Hal ini membantu koalisi menunjukkan bahwa mereka melancarkan serangan defensif, tidak bermaksud memicu konflik berskala besar dengan Houthi atau menimbulkan korban jiwa di kalangan warga Yaman, sehingga mencegah pasukan yang didukung Houthi seperti Iran memiliki alasan untuk membuka front baru di Timur Tengah.
"Serangan semacam itu akan menjadi serangan langsung, yang mengikis persenjataan dan semangat juang Houthi, alih-alih sekadar pertahanan pasif. Dikombinasikan dengan upaya diplomatik, aktivitas perdagangan di Laut Merah akan berpeluang untuk dipulihkan," ujar pakar Sharpe.
Serangan terhadap target-target Houthi di Yaman menunjukkan bahwa pasukan AS di Laut Merah memiliki kemampuan untuk merespons dengan cepat. Kemampuan pengintaian canggih pada kapal perang dan jet tempur AS membantu pasukan ini menemukan peluncur rudal dan radar Houthi, sehingga dapat melancarkan serangan yang akurat.
Negara ini memiliki sejumlah besar rudal jelajah serang darat Tomahawk dengan jangkauan 1.600 km yang dipasang di kapal perang dan kapal selam di Laut Merah, bersama dengan skuadron tempur modern di kapal induk, yang dapat menyerang sasaran di Yaman segera setelah menerima perintah.
Gambar-gambar yang diyakini merupakan ledakan di Provinsi Saada, sebelah utara ibu kota Sanaa, pada 12 Januari setelah serangan AS dan Inggris terhadap Houthi di Yaman. Foto: CNN
Menurut sumber-sumber terpercaya, pasukan AS dan Inggris mengerahkan jet tempur dan kapal perang untuk meluncurkan rudal terhadap pasukan Houthi, termasuk "utusan perang" Tomahawk.

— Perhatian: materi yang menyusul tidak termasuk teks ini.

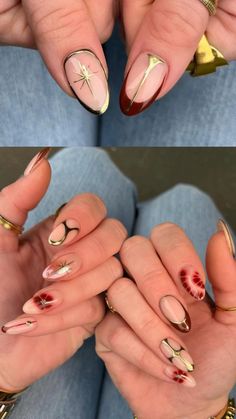 Fall Nude Nails, Autumn Manicure, Fall Nail Ideas, Minimal Nails, Casual Nails, Simple Acrylic Nails, Pretty Gel Nails, Almond Acrylic Nails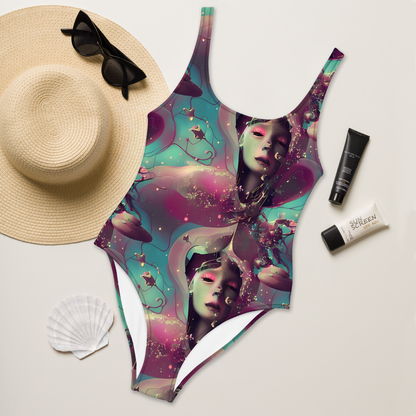 One-Piece Swimsuit - Nouveau Galaxy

Puluhan target kelompok bersenjata tersebut terkena serangan, termasuk sistem radar, fasilitas penyimpanan rudal balistik, dan lokasi peluncuran rudal.
Kementerian Pertahanan Inggris kemudian mengonfirmasi bahwa empat jet tempur Typhoon Inggris telah menjatuhkan bom berpemandu Paveway di dua lokasi peluncuran rudal dan UAV pasukan Houthi di Yaman barat laut.
Sementara itu, pejabat Houthi mengatakan serangan udara AS dan Inggris menargetkan pangkalan udara Al-Dailami di utara ibu kota Sanaa, area di sekitar bandara internasional Hodeidah di Yaman barat, pangkalan pasukan di provinsi utara Saada, bandara internasional dan beberapa lokasi di provinsi Taiz dan bandara di kota utara Abs.
Kelompok Houthi juga mengumumkan bahwa mereka telah membalas dendam terhadap pasukan Inggris dan AS di Laut Merah, dan memperingatkan bahwa mereka tidak akan berhenti menyerang mereka sampai mereka meninggalkan daerah tersebut.
"Serangan AS dan Inggris terhadap pasukan Houthi bukanlah solusi untuk mengakhiri konflik di Laut Merah, melainkan langkah penting menuju solusi tersebut. Namun, kita perlu berhati-hati agar tidak memperburuk keadaan," tegas Sharpe.
Lokasi Laut Merah dan negara-negara tetangga. Grafik: AFP
Pham Giang (Menurut Telegraph, Guardian, Reuters )
[iklan_2]
Tautan sumber
Komentar (0)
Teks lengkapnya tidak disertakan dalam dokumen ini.